Image de l'astéroïde Ultima Thulé réalisée par la sonde New Horizons à 6,4 milliards de km de la Terre le 01/01/19 à 5h01 UTC. Crédits : NASA/Johns Hopkins University Applied Physics Laboratory/Southwest Research Institute.
Une machine à remonter le temps
C’est un nouveau record ! La sonde américaine New Horizons qui s’éloigne du Système solaire depuis 2006 vient de survoler un objet céleste à quelque 6,4 milliards de km de la Terre, une distance inimaginable… C’est l’astéroïde Ultima Thulé, découvert en 2014 par le télescope spatial Hubble.
... l’époque où les planètes n’étaient pas encore formées.
« On a affaire à l’objet le plus lointain jamais survolé par une sonde spatiale. L’astéroïde Ultima Thulé est situé dans la ceinture de Kuiper, au-delà de Neptune, la planète la plus éloignée du Soleil dans le Système solaire. On veut savoir comment cette ceinture s’est formée, à partir de quel matériau, explique Francis Rocard, responsable des programmes d’exploration du Système solaire au CNES. Tout cela est ensuite resté très "froid" ce qui veut dire que ça n’a quasiment pas évolué pendant 4,5 milliards d’années contrairement aux planètes du Système solaire. En étudiant Ultima Thulé on remonte donc à l’époque où les planètes n’étaient pas encore formées. C’est ce qui fait l’intérêt de ce type d’objet, véritable relique des temps passés ».

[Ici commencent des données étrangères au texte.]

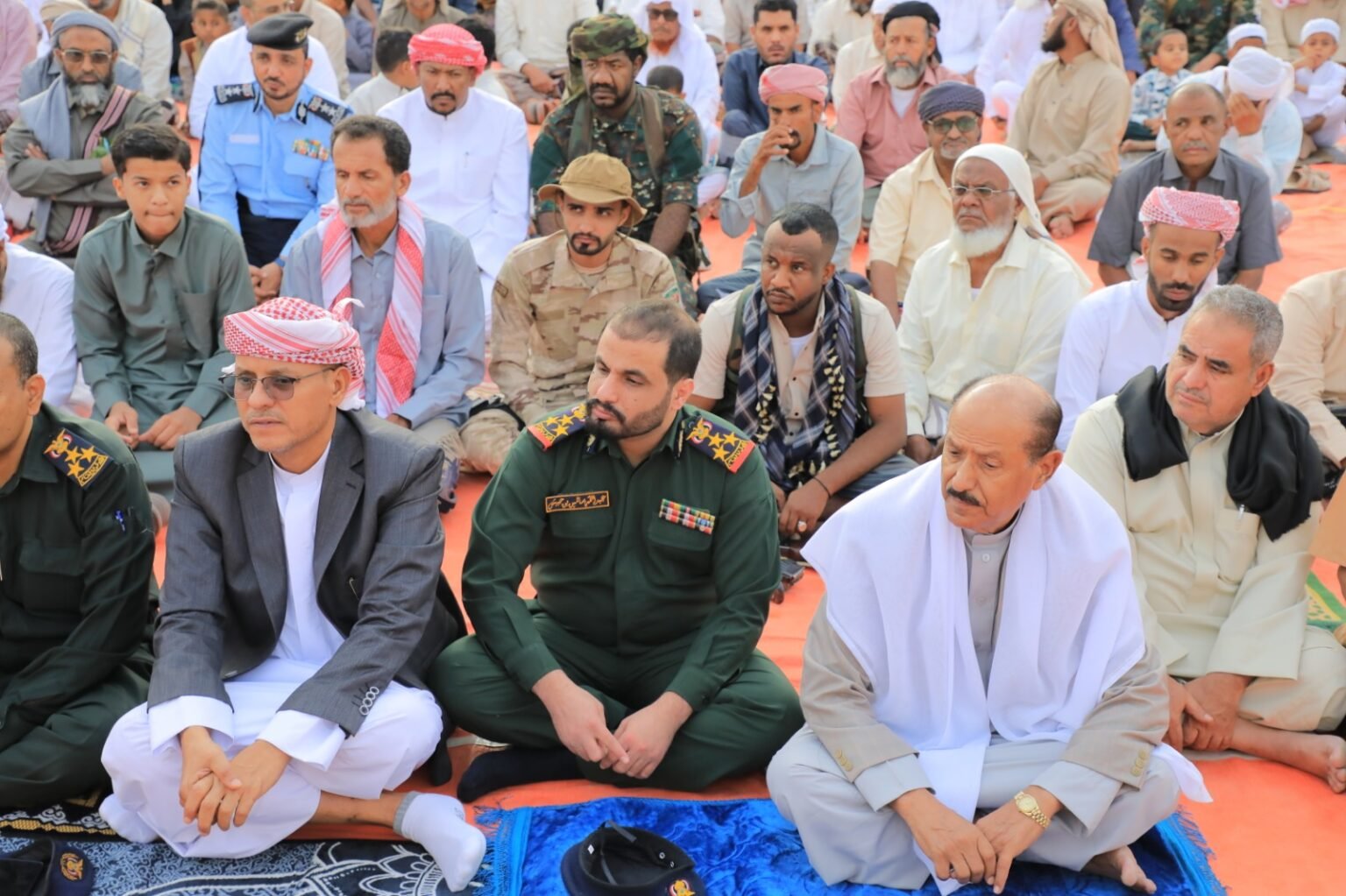 الوكيل بارباع يؤدي صلاة عيد الفطر المبارك مع جموع المصلين ويزور ويستقبل جموع المهنئين بالعيد السعيد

Ultima Thulé est « rouge »
Le 30 décembre, les scientifiques n’avaient qu’une image prise à 1,9 millions de km où l’astéroïde était résolu sur 3 pixels seulement. Ultima Thulé apparaissait allongé et dissymétrique. Le 2 janvier, les choses se précisent avec un nouveau cliché dévoilé par Alan Stern, le chef de projet triomphant de la NASA. « Sur l’image du 2 janvier réalisée cette fois-ci à seulement 27 000 km de distance, l’astéroïde Ultima Thule apparait bilobé un peu comme la comète Tchouri » constate Francis Rocard. Et pour cause : il y a 4,5 milliards d’années, la région était occupée par un nuage d’objets glacés en bien plus grand nombre qu’aujourd’hui qui ont commencé à s’agglomérer. 2 corps plus importants sont apparus grâce au phénomène d’accrétion (comme dans les grumeaux d’une pâte à crêpes, NDLR). « Ils se sont mis à tourner lentement … Probablement à une vitesse extrêmement réduite, quelques km/h tout au plus jusqu’à se toucher » raconte le géologue de la mission, Jeff Moore.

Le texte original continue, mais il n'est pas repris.